Short web captions:
☆ ☆ ☆ ☆ ☆ ☆ ☆

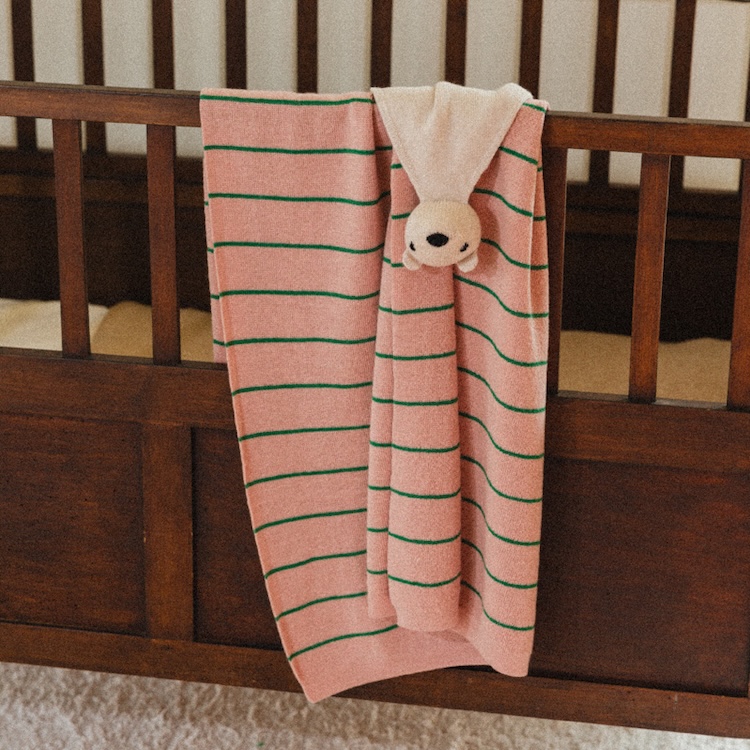 Hvid babydeken blanket Harry powder-grass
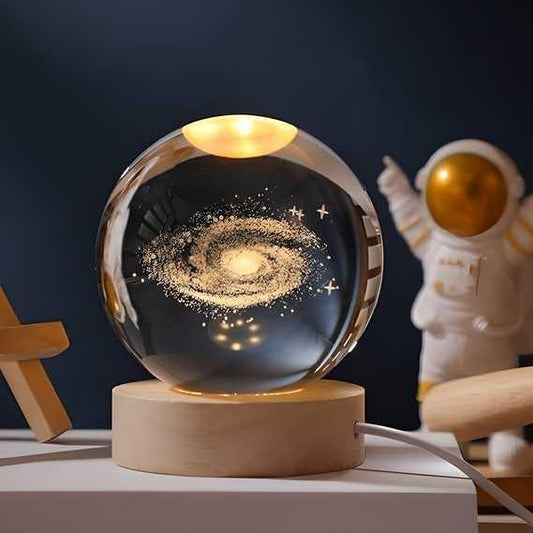 3D Galaxy Crystal Ball Night Lamp – Color Changing LED Light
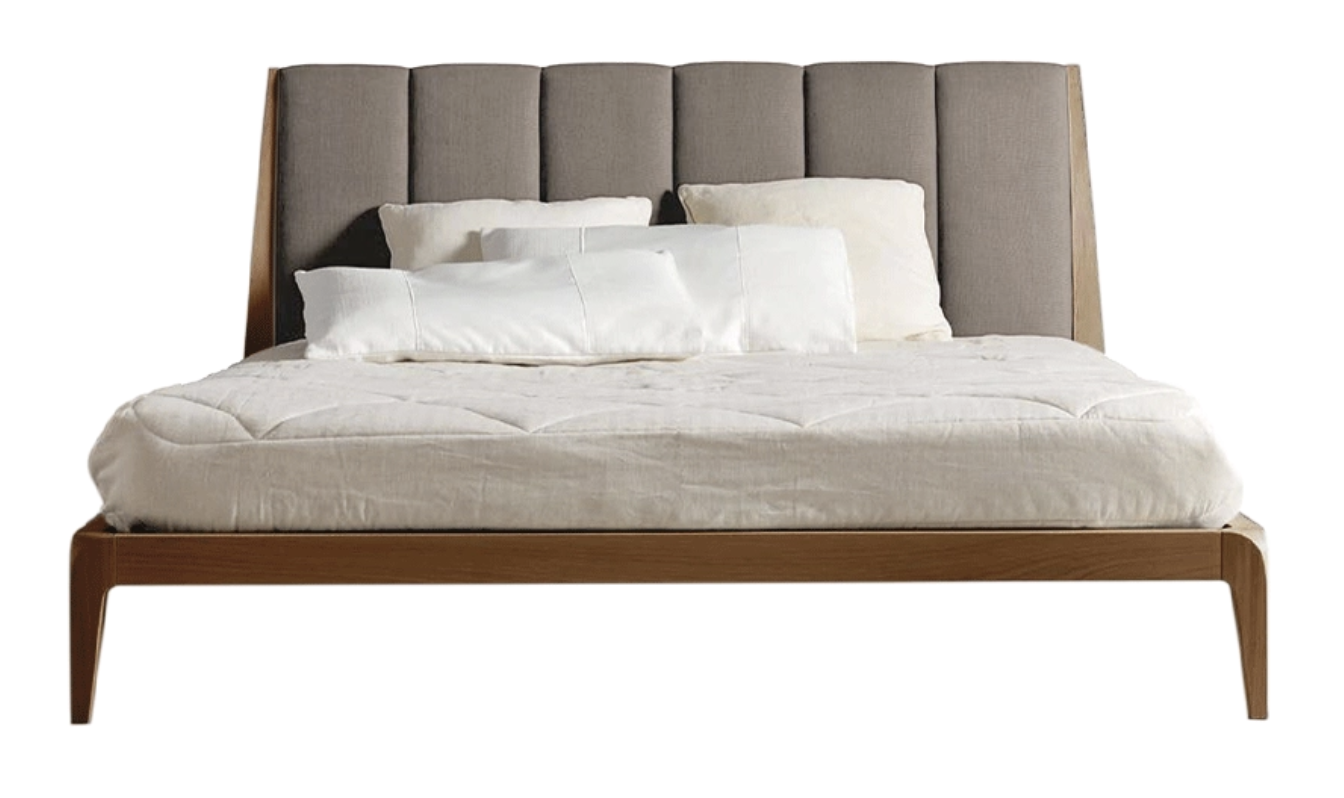 Verso Nord modern bed | Afwerking: Natural solid walnut | Bekleding: Linen BEL-LINO G075 100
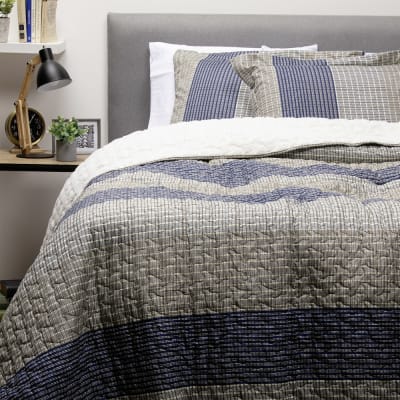 Cubrecama Estampado Sherpa Doble Azul1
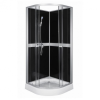 Kerra Classic 80x80 cm Black hátfalas zuhanykabin zuhanytálcával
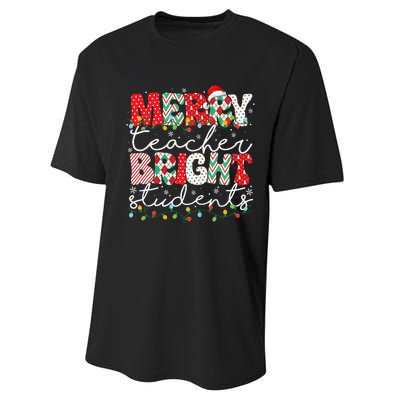 Merry Teacher Bright Students Teacher Christmas Ornaments  Performance Sprint T-Shirt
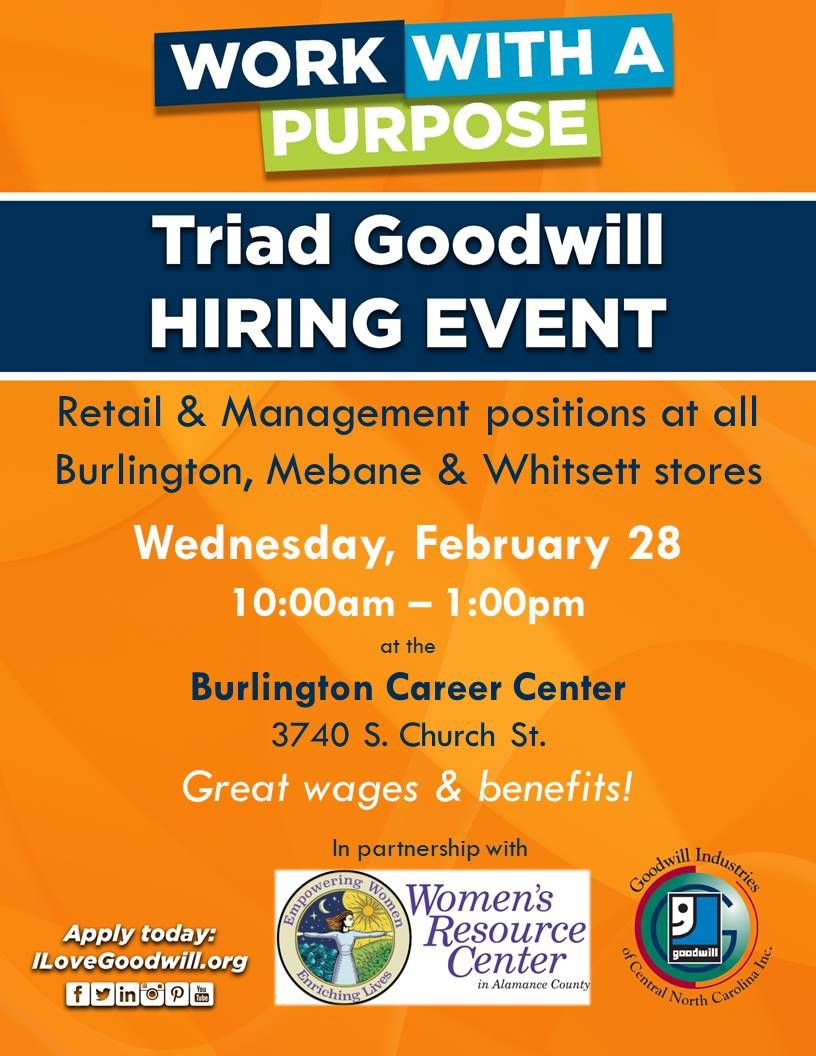 TriadGoodwill's tweet image. Be a part of the team that makes a difference in your community! We're hiring for positions in our Burlington, Mebane and Whitsett stores! Hiring event on February 28 from 10a-1p at 3740 S.  Church Street, Burlington! #GetHired #TeamGoodwill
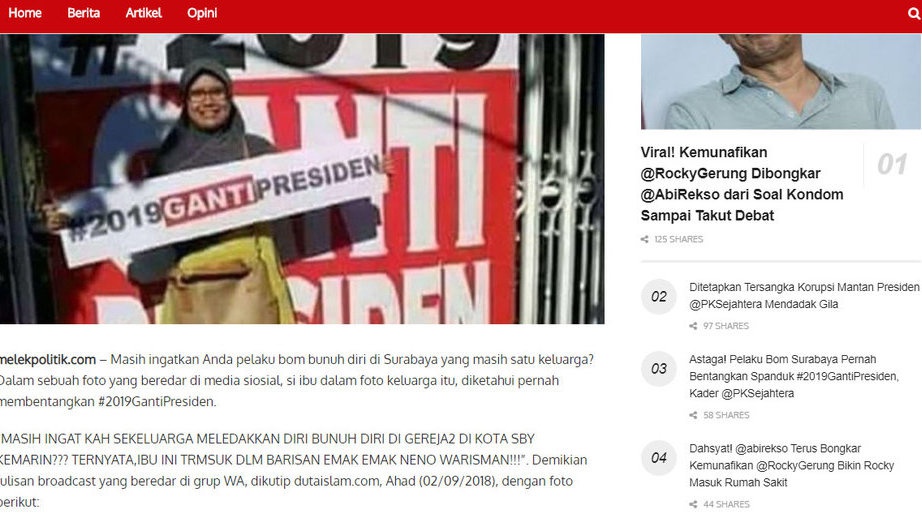 Apakah Pemegang Spanduk #2019GantiPresiden Itu Pelaku Bom Surabaya?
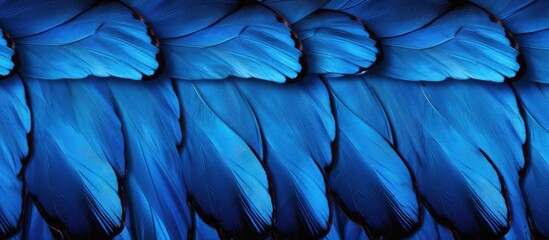 Obraz premium Blue Morpho butterfly wings as a background with copy space image.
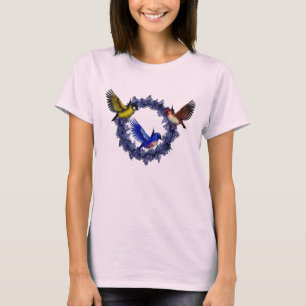 Fåglar vid nedre utandningstyp t shirt
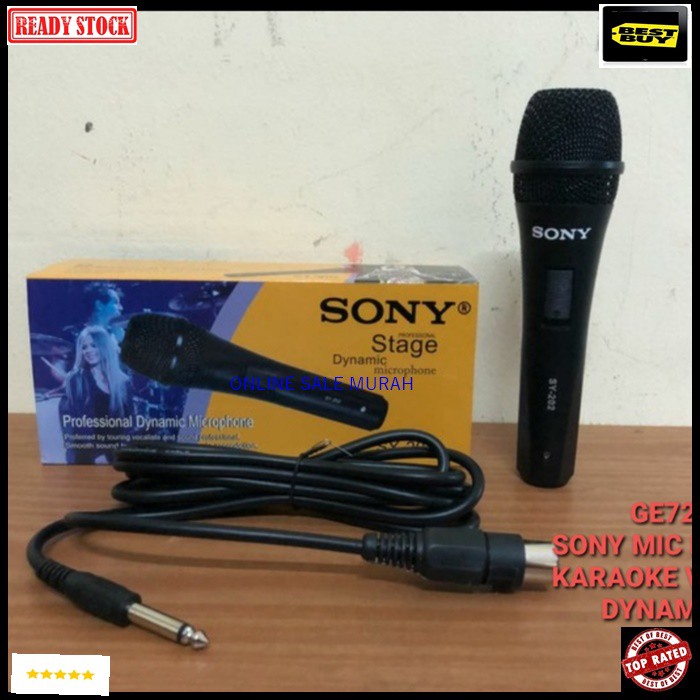 G72 Sony Mic mik kabel Microphone cable karaoke vocal vokal audio sound system pengeras suara pro profesional mikrophone dynamic G72   Bisa ke segala jenis sound audio  Bahan dari PVC  1 mic 3- 4 meter kabel mic Suara bagus jernih dan empuk Sangat cocok u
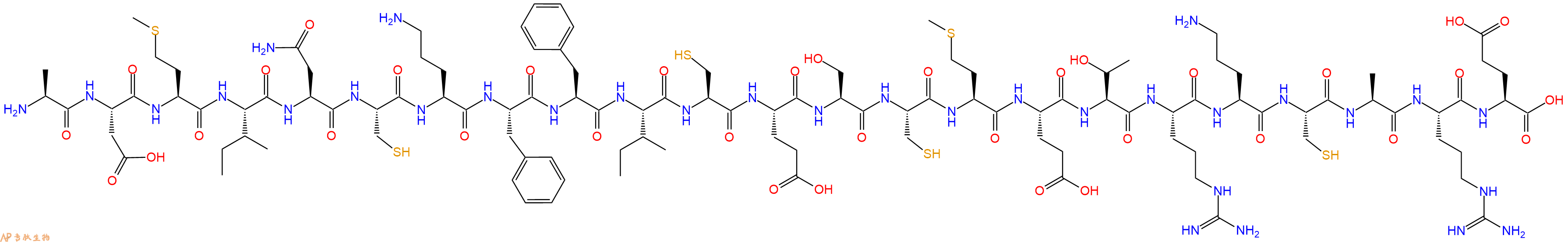 专肽生物产品H2N-Ala-Asp-Met-Ile-Asn-Cys-Orn-Phe-Phe-Ile-Cys-Glu-Ser-Cys-Met-Glu-Thr-Arg-Orn-Cys-Ala-Arg-Glu-OH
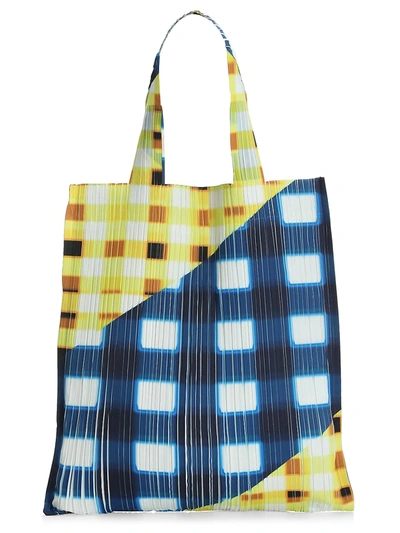 Shop Issey Miyake Trek Check Print Tote In Navy Yellow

☆ ☆ ☆ ☆ ☆ ☆ ☆

Above are some records; quote exactly and only the lines that begin at the line containing "Merry Teacher Bright" and stop after the line containing "TriadGoodwill's tweet image.", leaving out the pictures.

Output of the exercise.
 Merry Teacher Bright Students Teacher Christmas Ornaments  Performance Sprint T-Shirt
 TriadGoodwill's tweet image. Be a part of the team that makes a difference in your community! We're hiring for positions in our Burlington, Mebane and Whitsett stores! Hiring event on February 28 from 10a-1p at 3740 S.  Church Street, Burlington! #GetHired #TeamGoodwill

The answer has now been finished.